:: Exercise requirements ::
After locating the line with "加工用 訳あり 生にんにく" in the entries below, output it and each following line up to and including the line with "Understanding Brain Development", exactly and without pictures.

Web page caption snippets

--- START ---

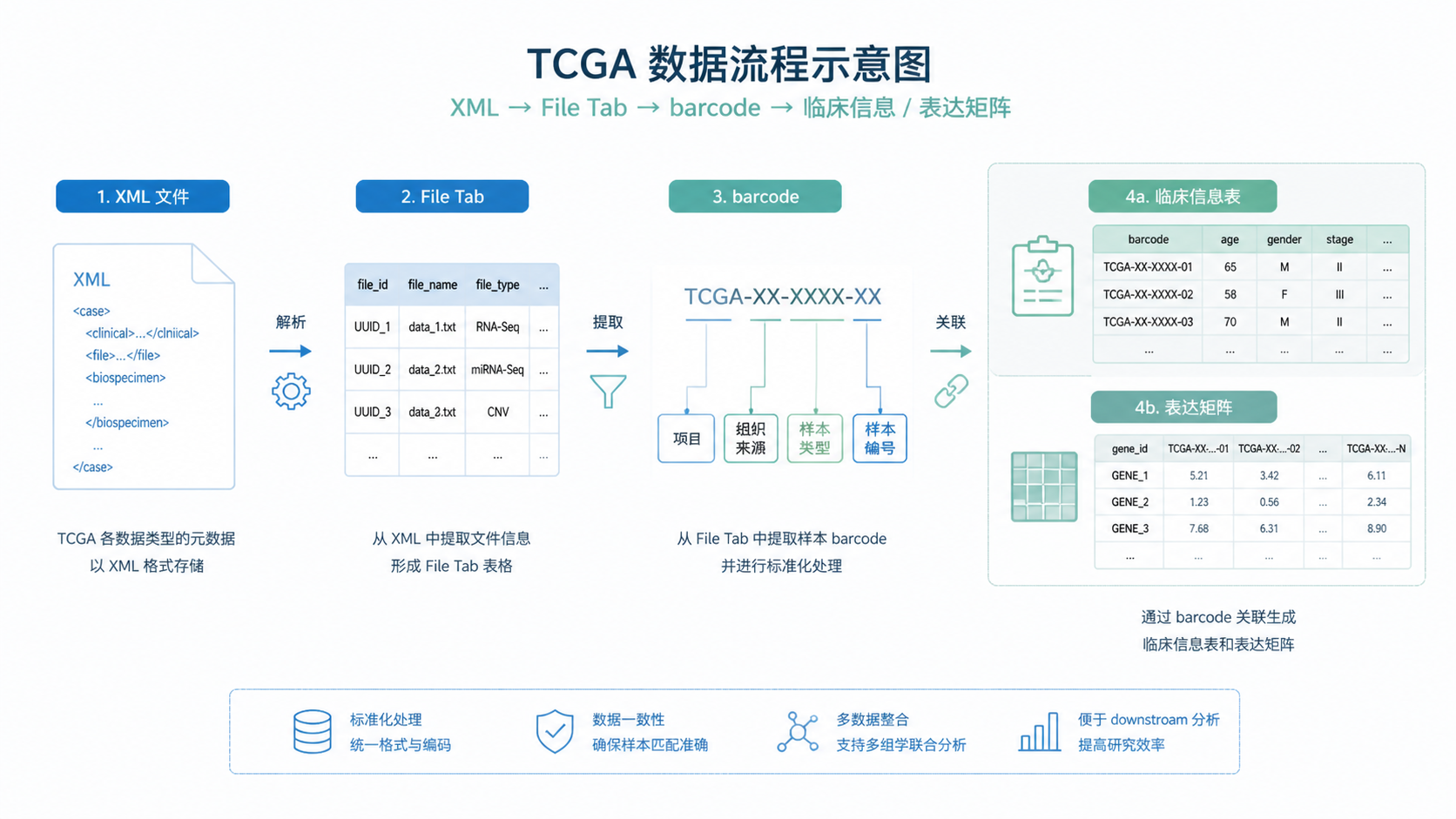 TCGA数据流程示意图，展示XML、File Tab、barcode、临床信息和表达矩阵之间的转换关系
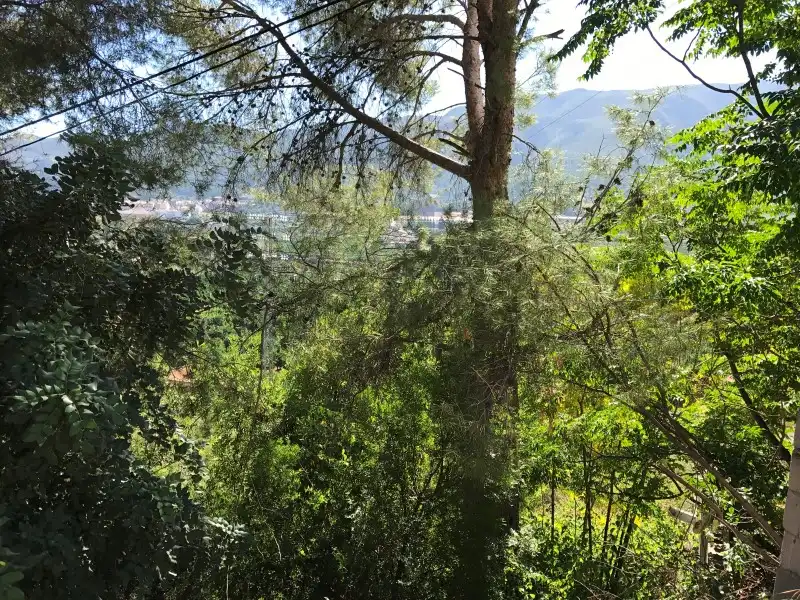 Terreno rústico en venta en Carrer Ametler, imagen 10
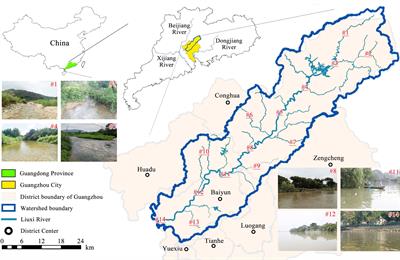 Using a new fish indicator-based index with scoring and evaluation criteria to assess the ecological status in a disturbed subtropical river of China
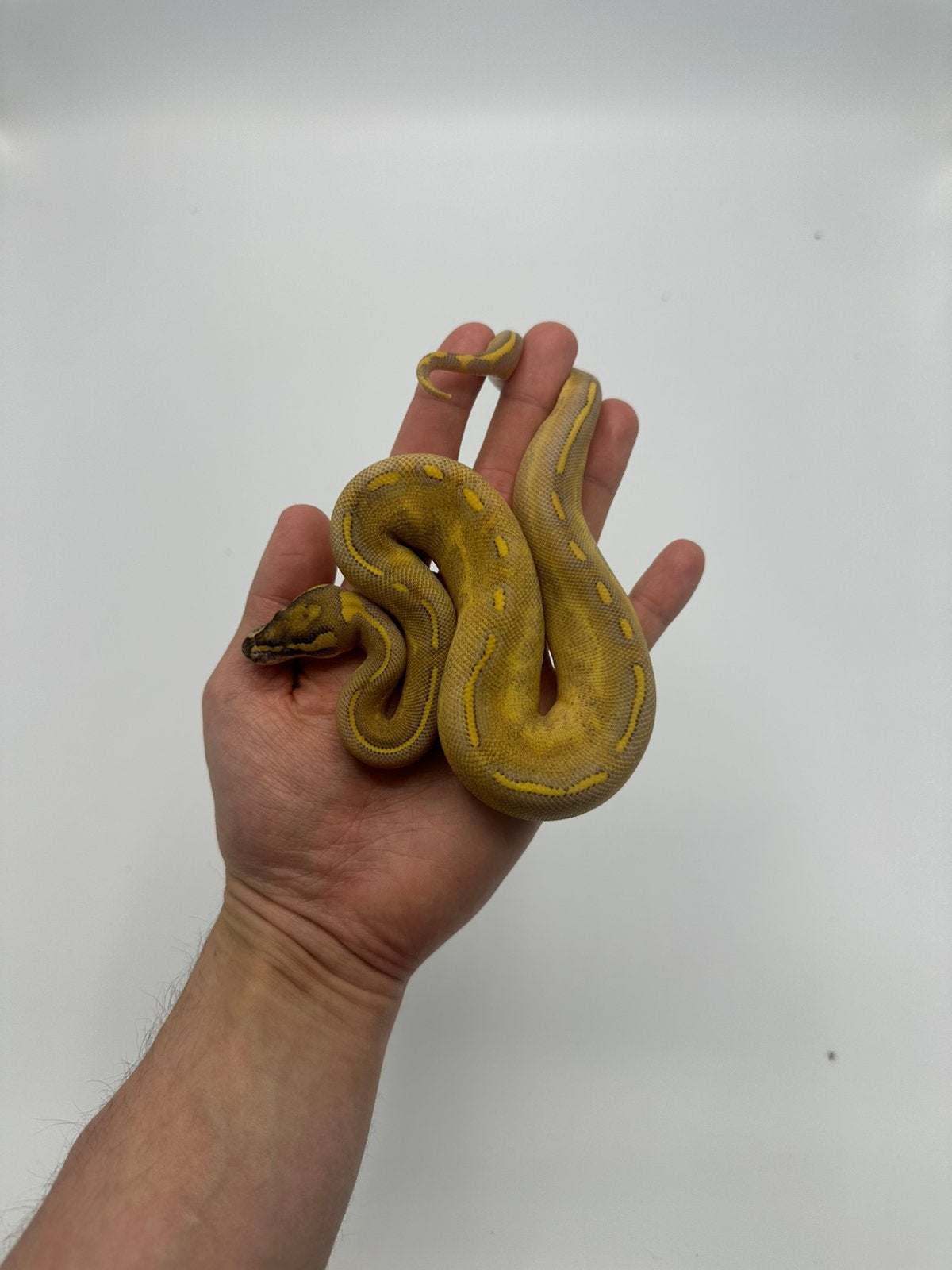 0.1 python regius - OD highway ph clownpied poss enchi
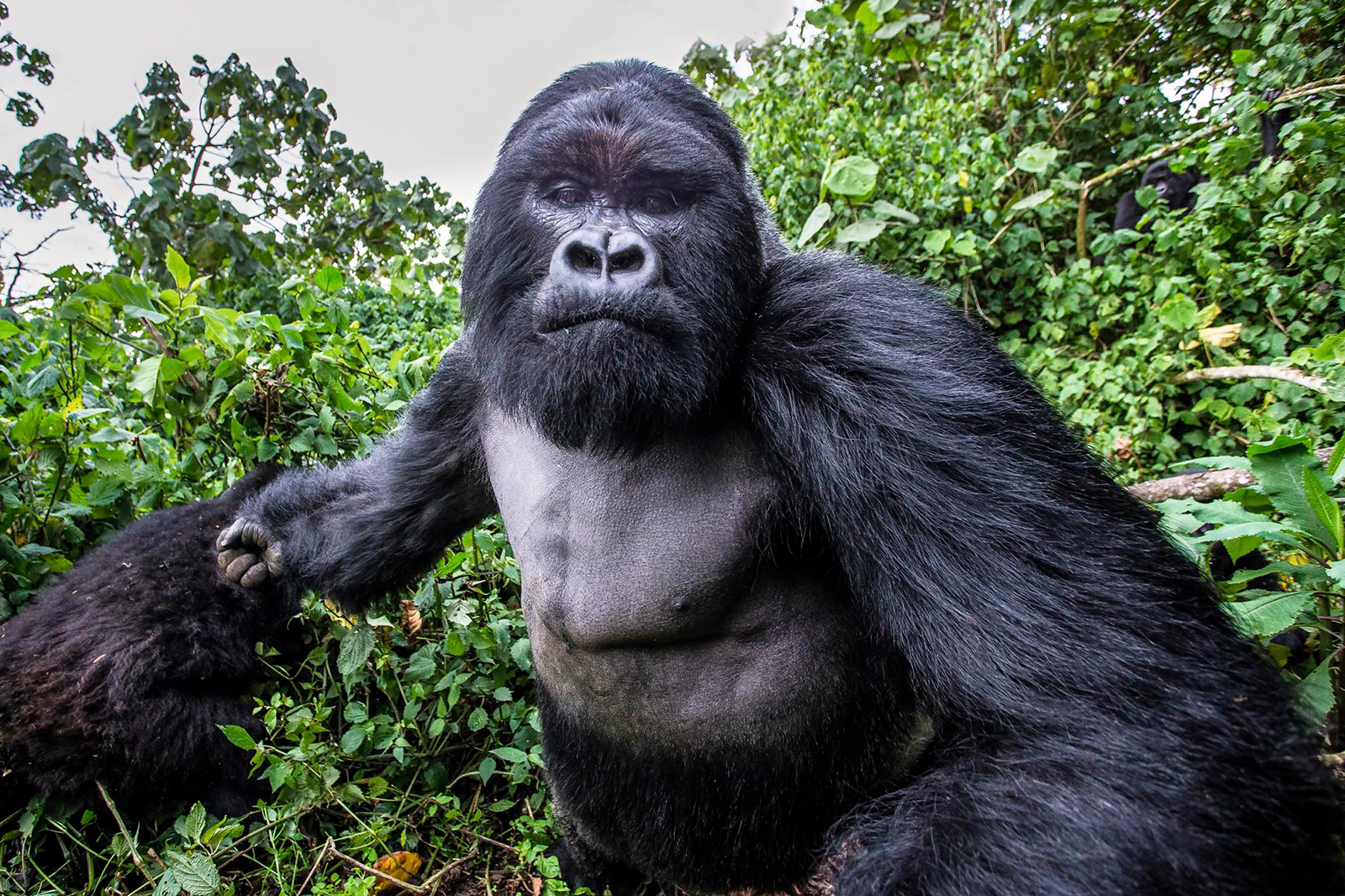 Picture of a Mountain Gorilla right before he punched the photographer.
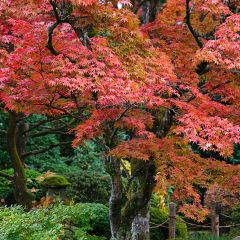 Ácer-do-japão - Acer palmatum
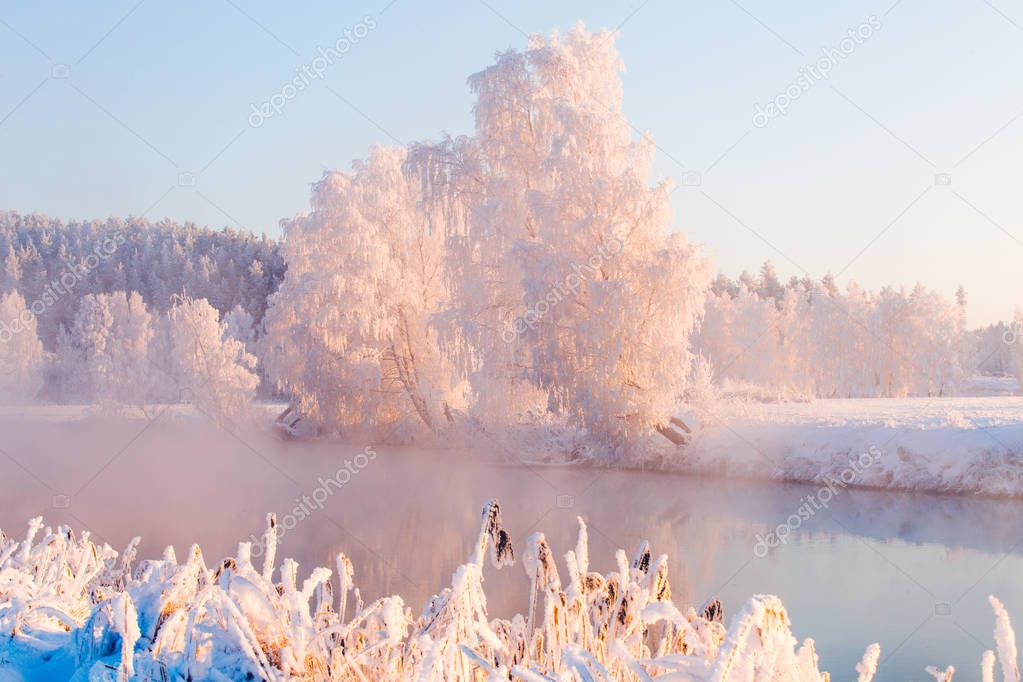 Winter morning landscape. Trees with frost on riversied. Sun illuminates frosty trees and meadow. Beautiful christmas nature.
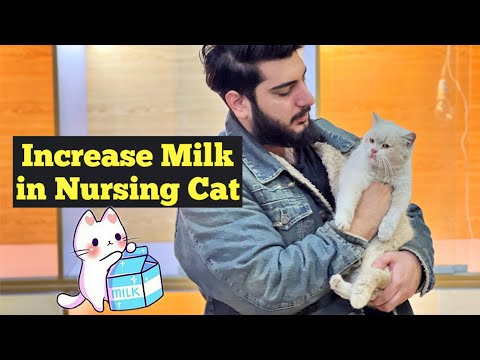 How to Increase Milk Supply in Nursing Cat | Lactating Cat | Take care of Nursing Cat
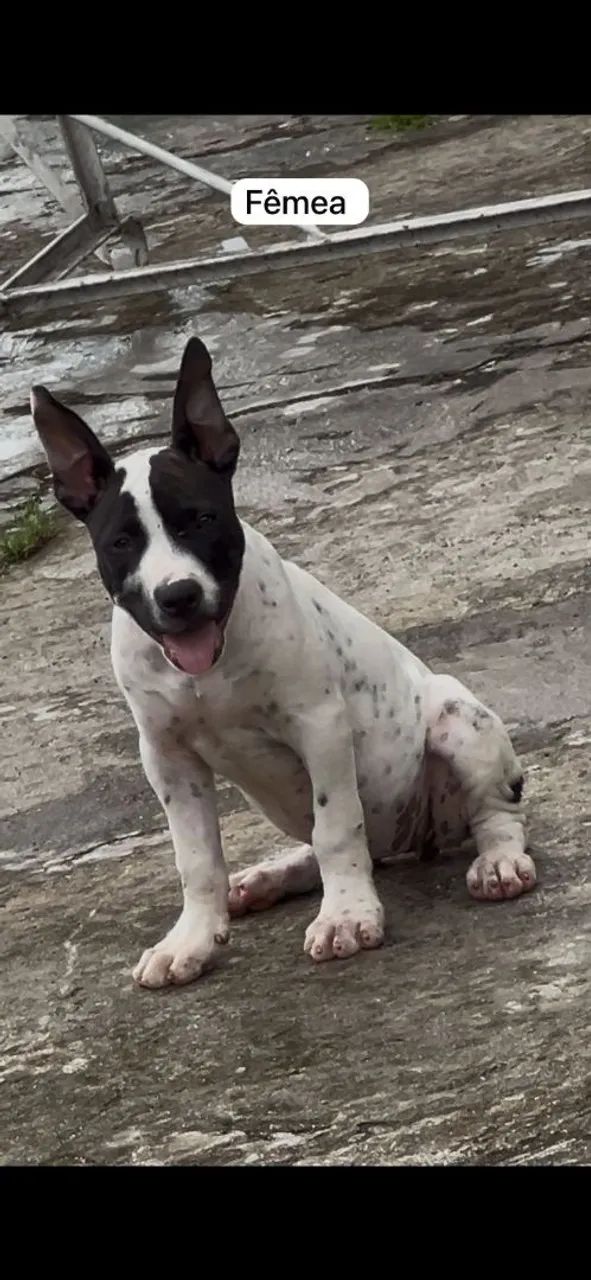 Filhotes de Pitbull - Foto 2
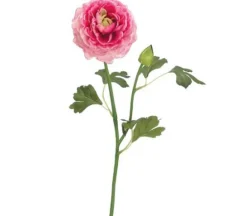 23″ Ranunculus Spray, Pink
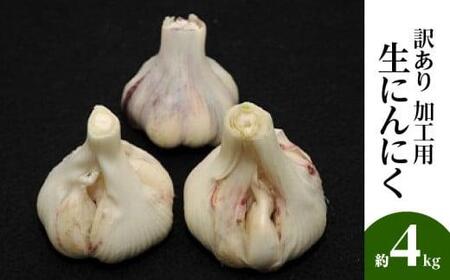 加工用 訳あり 生にんにく 約4kg【2026-5月上旬～2026-6月上旬配送】| にんにく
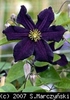 Clematis_Romantica_K1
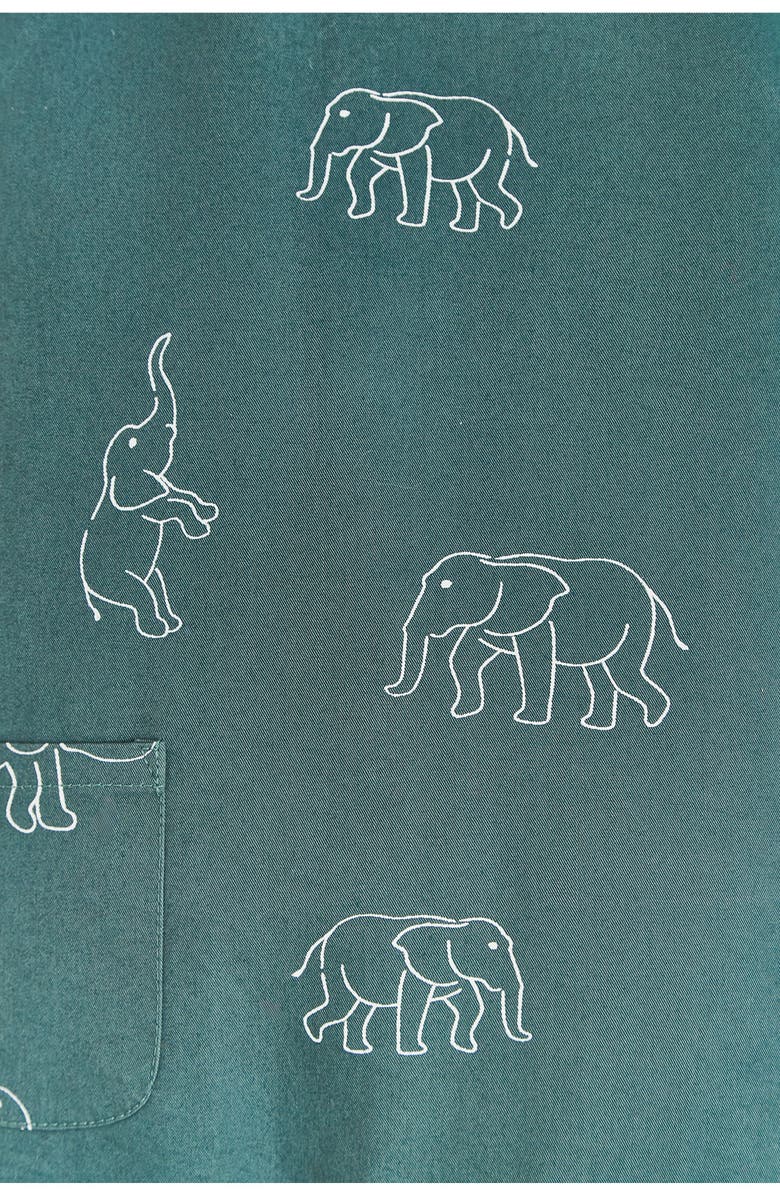 Babycottons Premium Cotton Raj Playsuit for Infant, Alternate, color, Pastel Blue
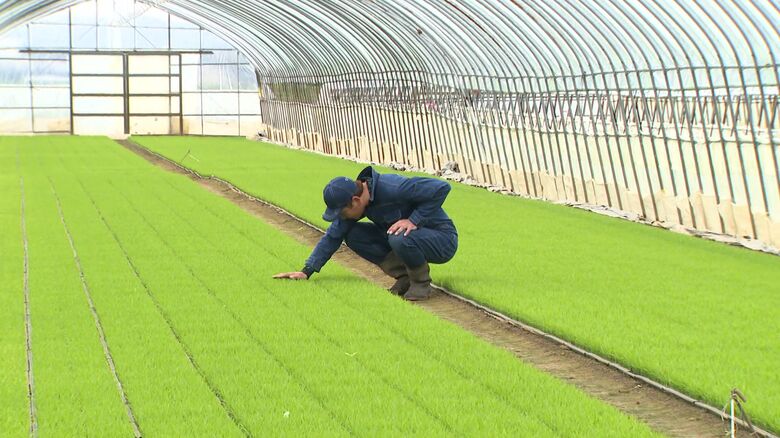 川添さんは今後の値動きに不安を感じている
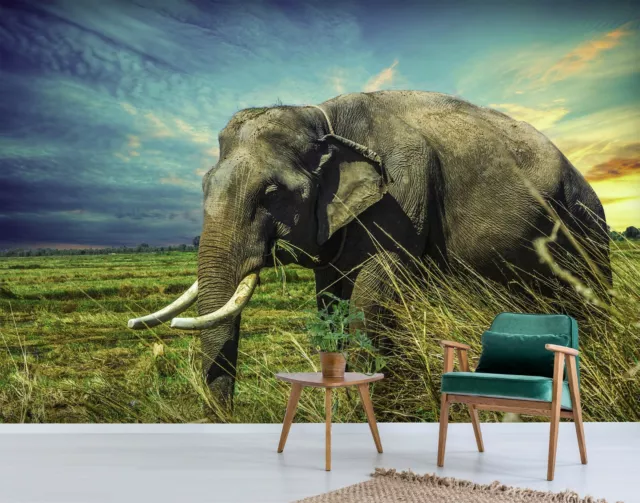 3D Elefant Prairie A032 Tier Tapete Wandbild selbstklebend abnehmbare Wendy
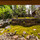 株式会社  荒木造園設計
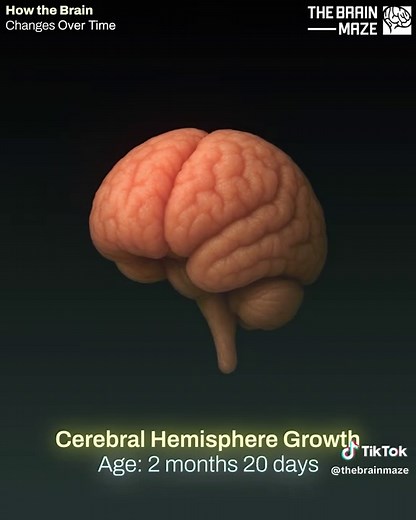 Understanding Brain Development Through Life Stages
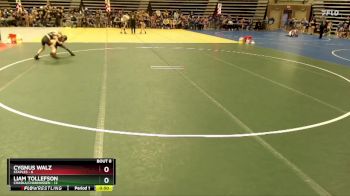 60 lbs Semis & 1st Wrestleback (8 Team) - Cygnus Walz, Staples vs Liam Tollefson, Chaska/Chanhassen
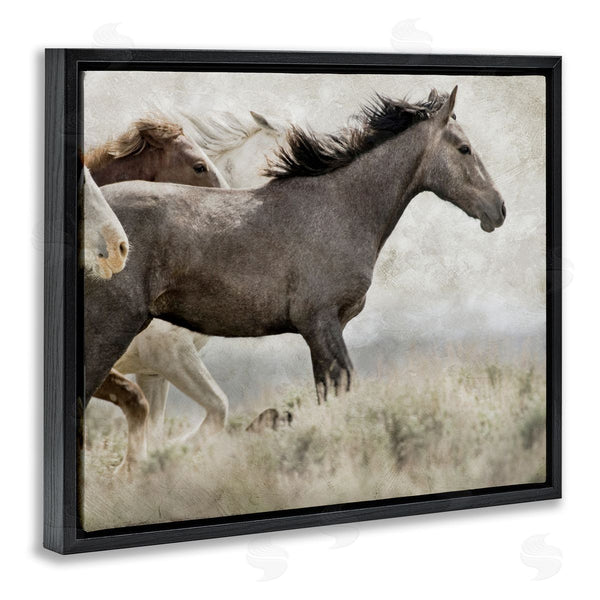 Stupell Industries Danita Delimont | Galloping Horse Herd Photography Wall Art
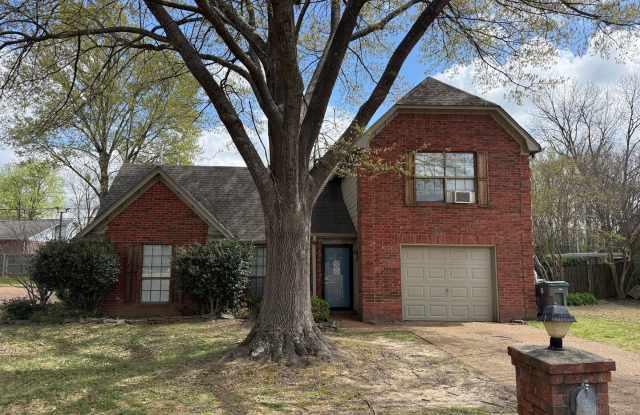 Great Location photos photos
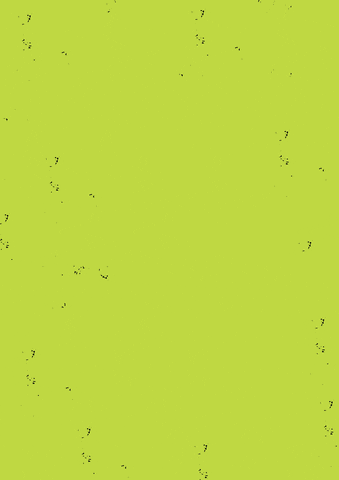 BIG_FAT_RAVE giphyupload dance music rave GIF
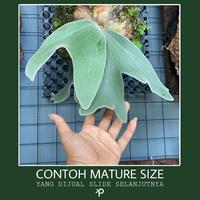 Platycerium andinum 2-3inc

--- END ---

:: Solved problem ::
 加工用 訳あり 生にんにく 約4kg【2026-5月上旬～2026-6月上旬配送】| にんにく
 Clematis_Romantica_K1
 Babycottons Premium Cotton Raj Playsuit for Infant, Alternate, color, Pastel Blue
 川添さんは今後の値動きに不安を感じている
 3D Elefant Prairie A032 Tier Tapete Wandbild selbstklebend abnehmbare Wendy
 株式会社  荒木造園設計
 Understanding Brain Development Through Life Stages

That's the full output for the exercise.